Today, a bipartisan bill earmarked to expand broadband internet to rural areas is scheduled for a Senate hearing in an attempt to gain approval from the Federal Communications Commission (FCC) to modernize the Universal Service Fund.
“We’re connecting every house in America to affordable, high-speed internet, including all of our rural communities. Strengthening the Universal Service Fund will help us expand reliable internet access to those rural communities faster,” said Senator Kichenlooper.
The Reforming Broadband Connectivity Act was introduced two years ago by Senators Amy Klobuchar, John Thune, John Hickenlooper, and Jerry Moran. The bill has gained support in the House and Senate after being resubmitted to the legislation late last March by Representatives Lizzie Fletcher and Angie Craig as well as Congressman Joe Neguse.
“In 2023, we should be able to bring high-speed internet to every family in America — regardless of their zip code. Our bipartisan legislation will ensure we have the resources in place to continue expanding access to broadband while relieving the burden of fees on consumers, especially our seniors. As co-chair of the Senate Broadband Caucus, I’ll keep fighting to close the digital divide and help all Minnesotans reliably access the high-speed internet they need,” says Senator Klobuchar.
Seniors were especially affected by the current Universal Service Fund guidelines as telecommunication companies can offset costs by charging additional landline fees.

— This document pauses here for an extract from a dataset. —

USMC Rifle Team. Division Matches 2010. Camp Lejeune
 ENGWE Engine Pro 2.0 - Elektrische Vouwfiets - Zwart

Younger generations tend to only have mobile phones, so changing these outdated guidelines to factor in budget-conscious seniors while also incorporating new funding protocols for broadband coverage will keep the Universal Service Fund from running out of money. Internet providers could be seeing former long-distance calls and landline fees redirected to them.
Sources state the bill’s co-sponsor Senator Jerry Moran says, “Anything that is effective in advancing the spread of broadband availability has broad support in the committee.”
While a similar bill in 2021 failed to gain traction in the Senate, this time around it seems likely to pass approval hearings.